AN international human rights commissioner has urged the Government to consider withdrawing contentious legislation dealing with the legacy of the Troubles in Northern Ireland.
The Council of Europe’s Commissioner for Human Rights Dunja Mijatovic said the proposals raised serious issues over compliance with the European Convention on Human Rights (ECHR).
The convention enshrines the right for effective state investigations into deaths.
The council’s Committee of Ministers has also voiced concern about the Legacy Bill, which offers conditional immunity from prosecution for perpetrators of Troubles crimes who agree to provide information to a new truth recovery body, and a move to end conflict-related civil cases and inquests.
The bill is currently proceeding through its parliamentary stages at Westminster.
While the Government has made some amendments to the legislation, it has not dropped its most controversial aspects around immunity and halting civil and coronial cases.
The Council of Europe is an international body that oversees and monitors compliance with the ECHR. The UK is one of its 46 members and a signatory to the convention.
Commissioner Mijatovic said the UK government should consider withdrawing the Legacy Bill in view of the “widespread opposition” in Northern Ireland and its potential to contravene the convention.
“Any further steps on legacy must place the rights and needs of victims at its heart,” she said.
Meanwhile, the council’s Committee of Ministers expressed “growing concern” that the bill has not been formally paused or amended to “sufficiently allay the concerns” that the legislation will be in full compliance with the convention and will enable effective investigations.

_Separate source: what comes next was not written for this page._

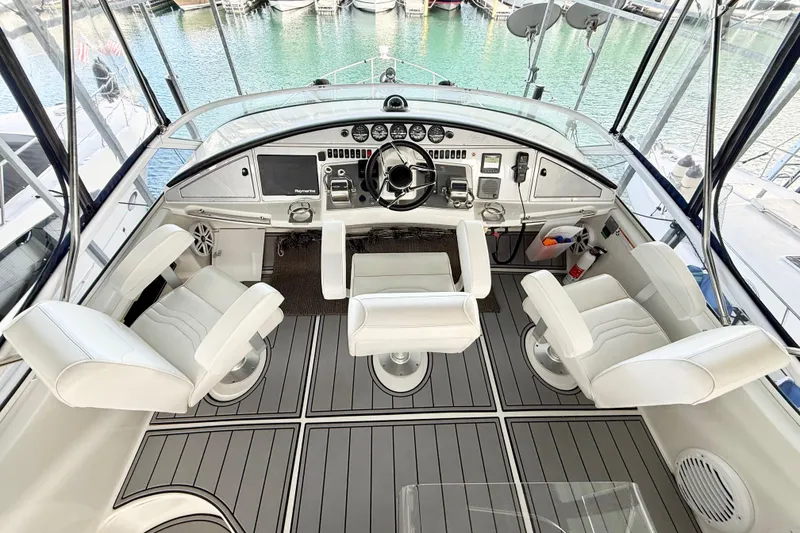 Slide: The Image of 2007 Carver 36 Sedan helm with four white captain chairs and modern controls. - 49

Grainne Teggart, deputy director for Northern Ireland at Amnesty International UK, welcomed the stance adopted by the human rights body.
“Once again, the UK government finds itself isolated on the international stage,” she said.
“These are welcome and important calls which the UK Government must not ignore. Victims’ rights must be prioritised and the bill scrapped.
“This intervention adds to the cutting critique and overwhelming opposition facing the Troubles Bill.
“The UK Government’s determination to deprive victims and families of the justice they deserve while shielding the perpetrators who are responsible for murder, torture and other serious crimes makes a mockery of the rule of law and any claims by the UK Government that they respect human rights.
“Recent changes proposed by the Government are little more than a thinly veiled attempt to make the bill appear more just.
“We and victims are not buying it. The bill cannot be fixed, the right thing for the Government to do is scrap it.”
In response, a Northern Ireland Office spokesman said: “The Government is determined to deliver better outcomes for those most impacted by the Troubles while helping society to look forward.
“The legislation will not introduce an amnesty, and will not remove the prospect of criminal prosecutions.
“Conditional immunity will only be granted to individuals who cooperate fully and truthfully with the commission. Individuals who do not will remain liable to prosecution and will be referred to prosecutors should sufficient evidence exist.
“On November 23, the Government announced a number of proposed changes which seek to address key concerns that have been raised by many stakeholders, including victims and survivors and international partners.
“The Government remains absolutely committed to constructive engagement with all interested parties on their ongoing concerns, and how they might be addressed as the bill continues its passage through Parliament.
“However, we also recognise that a perfect solution to legacy issues is not attainable, and will continue to work towards the best practical solution.”